Yes, we'll do a private beta for a while and then open it up to existing Linode customers on a first-come first-gets to test basis. I'll announce that here.

-Chris

I hate to be distrusting and cynical (linode has never given me reason to be that - it is just the way I am), but the increase in performance from Xen will not just mean that you will be putting more instances on the same host?

@caker:

@egatenby:

Is there any news on Xen?
Not from my end. I don't want to make any promises or set an expectation as to when we'll have Xen ready for production.

I will say that PAE (able to use more than 4G RAM of the host) support has been working for me, and that was the only show stopper…

@egatenby:

Is it possible to get involved with the beta?
Yes, we'll do a private beta for a while and then open it up to existing Linode customers on a first-come first-gets to test basis. I'll announce that here.

-Chris

@peterhoeg:

I hate to be distrusting and cynical (linode has never given me reason to be that - it is just the way I am), but the increase in performance from Xen will not just mean that you will be putting more instances on the same host?
No. We've never oversold our machines. In fact, Xen makes it impossible to do so.

-Chris

> Xen makes it impossible to do so. How does that work?

> How does that work?

As I understand it, Xen requires that each domU have a certain amount of physical RAM. If you have 4 gigs and slice that up into 512M for dom0 and 28 domU's with 128M of RAM each, that's that.

With other technologies, I believe that you could have many more domU's because they will "steal" RAM that other domU's are not using at the moment. This is bad when, all of a sudden, that domU starts using the RAM you stole.
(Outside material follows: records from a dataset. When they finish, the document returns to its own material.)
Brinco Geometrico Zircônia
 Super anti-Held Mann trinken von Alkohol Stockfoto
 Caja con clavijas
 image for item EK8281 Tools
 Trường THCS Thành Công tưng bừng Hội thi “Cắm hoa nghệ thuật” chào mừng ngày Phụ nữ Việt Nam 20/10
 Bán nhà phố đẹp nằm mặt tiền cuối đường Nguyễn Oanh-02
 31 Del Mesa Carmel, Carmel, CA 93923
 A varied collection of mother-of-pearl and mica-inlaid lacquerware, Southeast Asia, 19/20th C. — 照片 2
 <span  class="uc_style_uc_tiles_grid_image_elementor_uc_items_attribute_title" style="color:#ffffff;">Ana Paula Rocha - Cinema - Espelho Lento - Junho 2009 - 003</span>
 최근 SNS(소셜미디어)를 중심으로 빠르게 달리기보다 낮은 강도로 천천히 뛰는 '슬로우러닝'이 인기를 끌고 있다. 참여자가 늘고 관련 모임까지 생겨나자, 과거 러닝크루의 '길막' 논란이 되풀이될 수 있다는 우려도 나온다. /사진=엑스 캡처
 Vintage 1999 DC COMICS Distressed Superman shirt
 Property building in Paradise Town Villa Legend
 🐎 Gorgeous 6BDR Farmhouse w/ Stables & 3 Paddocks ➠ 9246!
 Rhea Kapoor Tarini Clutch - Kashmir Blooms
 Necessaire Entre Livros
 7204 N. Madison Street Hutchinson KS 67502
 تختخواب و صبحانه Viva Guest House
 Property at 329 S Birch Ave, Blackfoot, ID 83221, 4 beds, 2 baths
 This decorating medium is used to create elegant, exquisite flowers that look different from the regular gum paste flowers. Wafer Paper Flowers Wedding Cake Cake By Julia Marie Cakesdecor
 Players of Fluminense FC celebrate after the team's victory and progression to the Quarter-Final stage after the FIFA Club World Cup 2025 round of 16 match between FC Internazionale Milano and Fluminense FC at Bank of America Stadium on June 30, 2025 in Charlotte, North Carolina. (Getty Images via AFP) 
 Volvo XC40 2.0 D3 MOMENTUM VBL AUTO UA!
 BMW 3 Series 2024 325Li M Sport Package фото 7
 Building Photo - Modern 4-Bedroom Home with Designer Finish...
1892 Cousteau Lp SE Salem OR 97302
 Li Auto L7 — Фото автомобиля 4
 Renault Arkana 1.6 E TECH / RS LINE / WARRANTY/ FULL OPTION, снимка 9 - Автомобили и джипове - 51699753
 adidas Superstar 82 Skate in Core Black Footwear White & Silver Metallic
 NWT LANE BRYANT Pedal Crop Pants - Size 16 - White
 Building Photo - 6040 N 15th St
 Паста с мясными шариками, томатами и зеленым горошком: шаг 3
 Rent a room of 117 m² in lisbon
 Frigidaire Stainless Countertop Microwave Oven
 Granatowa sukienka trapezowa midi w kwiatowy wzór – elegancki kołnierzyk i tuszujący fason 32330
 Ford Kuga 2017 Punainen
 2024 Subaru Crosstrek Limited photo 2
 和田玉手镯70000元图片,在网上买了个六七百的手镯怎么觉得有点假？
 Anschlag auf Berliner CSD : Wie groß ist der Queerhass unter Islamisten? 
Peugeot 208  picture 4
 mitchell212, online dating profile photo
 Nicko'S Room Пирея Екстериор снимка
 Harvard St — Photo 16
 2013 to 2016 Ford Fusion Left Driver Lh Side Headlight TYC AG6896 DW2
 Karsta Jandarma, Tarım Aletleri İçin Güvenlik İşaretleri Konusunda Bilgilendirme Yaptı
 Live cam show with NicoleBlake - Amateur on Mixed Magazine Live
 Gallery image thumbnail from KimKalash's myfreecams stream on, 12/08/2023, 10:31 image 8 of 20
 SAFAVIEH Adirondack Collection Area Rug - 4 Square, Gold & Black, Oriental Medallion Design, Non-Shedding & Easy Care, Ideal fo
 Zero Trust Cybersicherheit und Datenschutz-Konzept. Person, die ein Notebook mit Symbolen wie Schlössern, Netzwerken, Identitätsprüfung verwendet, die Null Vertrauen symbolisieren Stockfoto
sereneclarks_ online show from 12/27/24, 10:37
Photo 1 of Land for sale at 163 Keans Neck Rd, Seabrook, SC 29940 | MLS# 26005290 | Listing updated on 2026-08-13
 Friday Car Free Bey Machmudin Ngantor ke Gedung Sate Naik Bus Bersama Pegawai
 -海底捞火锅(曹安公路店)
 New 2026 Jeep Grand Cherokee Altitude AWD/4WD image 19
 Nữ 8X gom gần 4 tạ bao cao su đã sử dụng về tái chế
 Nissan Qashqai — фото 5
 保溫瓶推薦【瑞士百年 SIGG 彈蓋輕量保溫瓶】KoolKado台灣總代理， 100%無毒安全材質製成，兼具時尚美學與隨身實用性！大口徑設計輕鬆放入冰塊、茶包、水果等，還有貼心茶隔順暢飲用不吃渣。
Swapping would occur at the hypervisor level and everyone suffers.

Caker, is that anywhere close to correct?

  • Brian

@bkirkbri:

> How does that work?

As I understand it, Xen requires that each domU have a certain amount of physical RAM. If you have 4 gigs and slice that up into 512M for dom0 and 28 domU's with 128M of RAM each, that's that.

With other technologies, I believe that you could have many more domU's because they will "steal" RAM that other domU's are not using at the moment. This is bad when, all of a sudden, that domU starts using the RAM you stole. Swapping would occur at the hypervisor level and everyone suffers.

Caker, is that anywhere close to correct?

  • Brian

Without getting technical . . . yes. If you allocate $foo ram for 'user' Bob, then that specific chunk of $foo ram is dedicated to him, nobody else can have it. period.